Intent
Our intention at St. Joseph’s is to provide a broad and balanced view of the past through the teaching of History. We aim to balance wider world topics with British history and build on prior historical knowledge by following a spiral curriculum; ensuring key historical skills are revisited throughout the Key Stages. Through the topics covered, we want our children to have a good understanding of social cohesion, linking the past (events of WWII for example) to the present day, contextualising learning and making it relevant. Our school curriculum sets out the knowledge and skills that pupils will gain at each stage. It is clear what end points the curriculum is building towards and what children need to know and be able to do to reach those end points.
Implementation
We teach History in accordance with the National Curriculum. We want our high-quality history education to help our children gain a coherent knowledge and understanding of Britain’s past and that of the wider world. We want it to inspire pupils’ curiosity to know more about the past. Our teaching equips our children to ask perceptive questions, build a chronological framework, make comparisons across time periods, understand the cause of significant events and understand their consequences as well as scrutinising the validity of evidence and relating history to their own lives.
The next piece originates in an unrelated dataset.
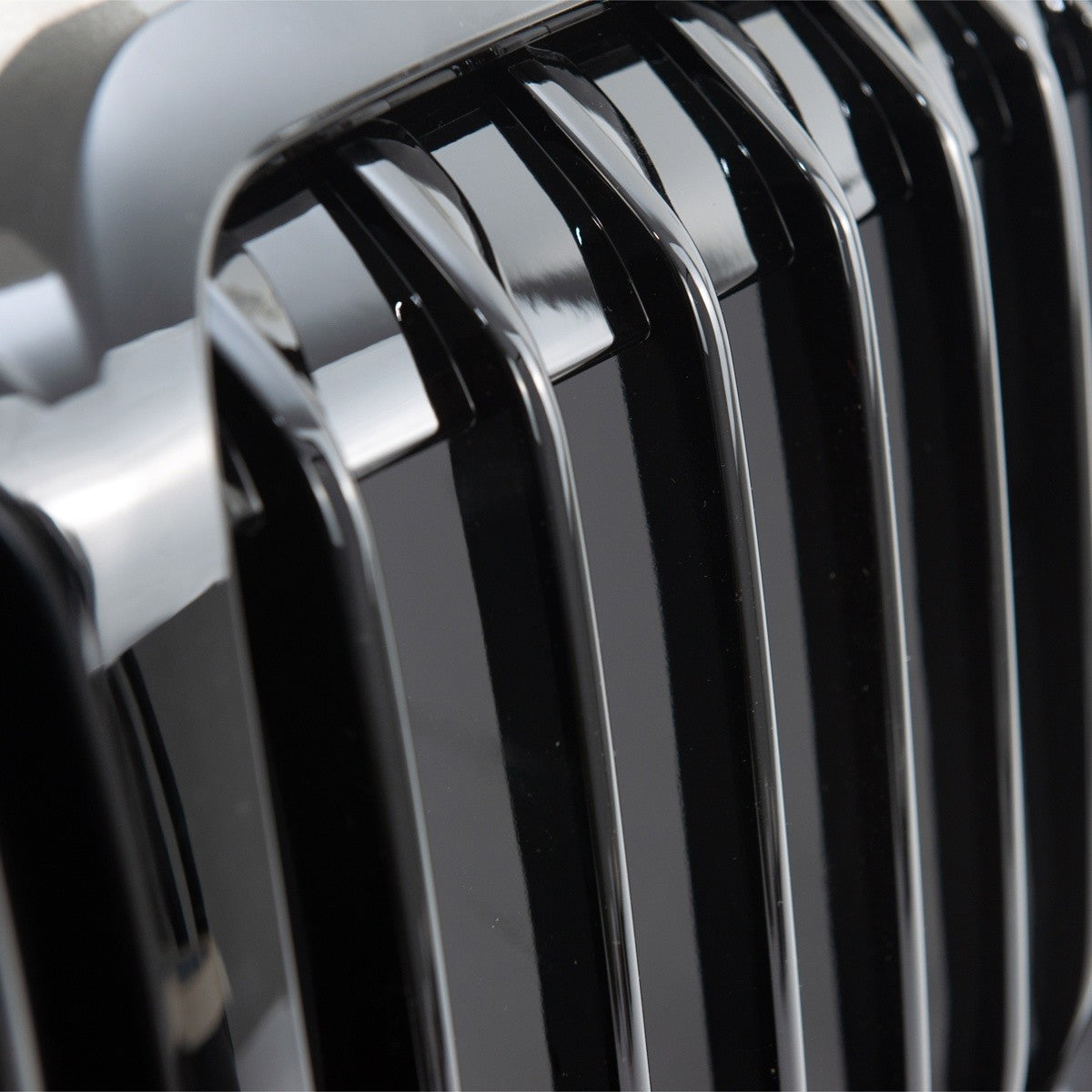 Grill Single Line Hochglanz Schwarz passend für BMW X7 (G07) 2019-2022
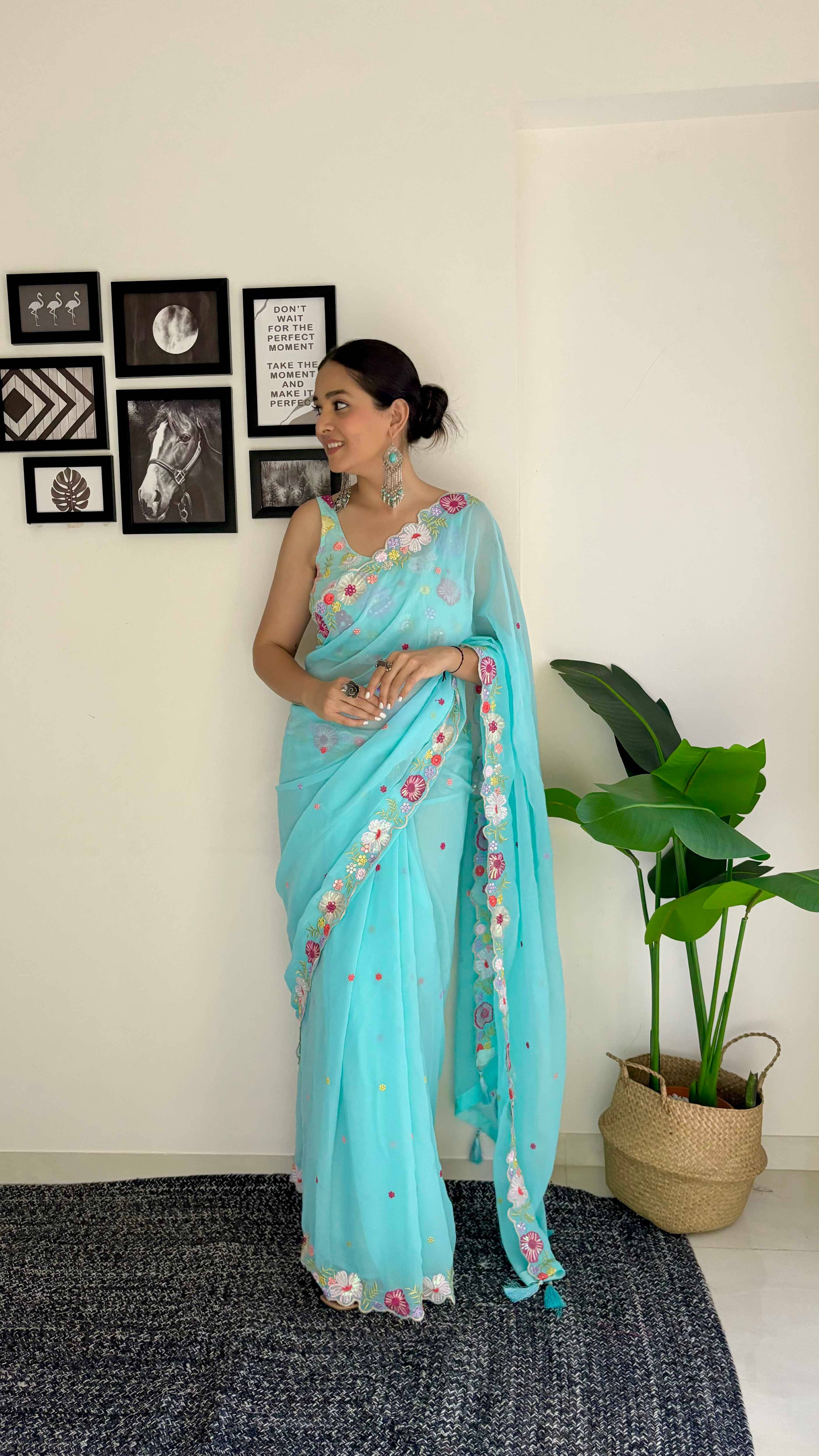     			Rangtulika Ethnics Georgette Woven Banarasi saree With Unstitched Blouse Piece ( Blue )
At the beginning of all units, children will look back at time periods studied previously. This encourages them to build on their chronological framework and see every unit in the wider context of time. In history, children are taught the same historical skills throughout the school but the skills are applied to a variety of different time eriods. Our children are encouraged to ask a variety of questions on one particular subject whether that be a piece of evidence, an event or the time period in general. History topics begin with enquiry questions with the aim being that at the end of each topic, all children can answer these key questions. Pupils are taught a six week block of History once a term with the exception of Year 1 and Year 6.
Impact
Outcomes in History books evidence a broad and balanced history curriculum and demonstrate the children’s acquisition of identified key knowledge. Emphasis is placed on analytical thinking and questioning and children demonstrate a coherent knowledge and understanding of Britain’s past and that of the wider world, in addition to being curious to know more about the past. Through this study, our children ask perceptive questions, think critically, weigh evidence, sift arguments, and develop perspective and judgement.
Children will:
- Know more, remember more and understand more about History.
- Understand and use the key skills of chronological understanding.
- Gain knowledge and understanding of events in the past, historical interpretation, Historical enquiry and organisation and communication.
- Achieve age related expectations in History.
- Children will learn lessons from history to influence the decisions they make in their lives in the future.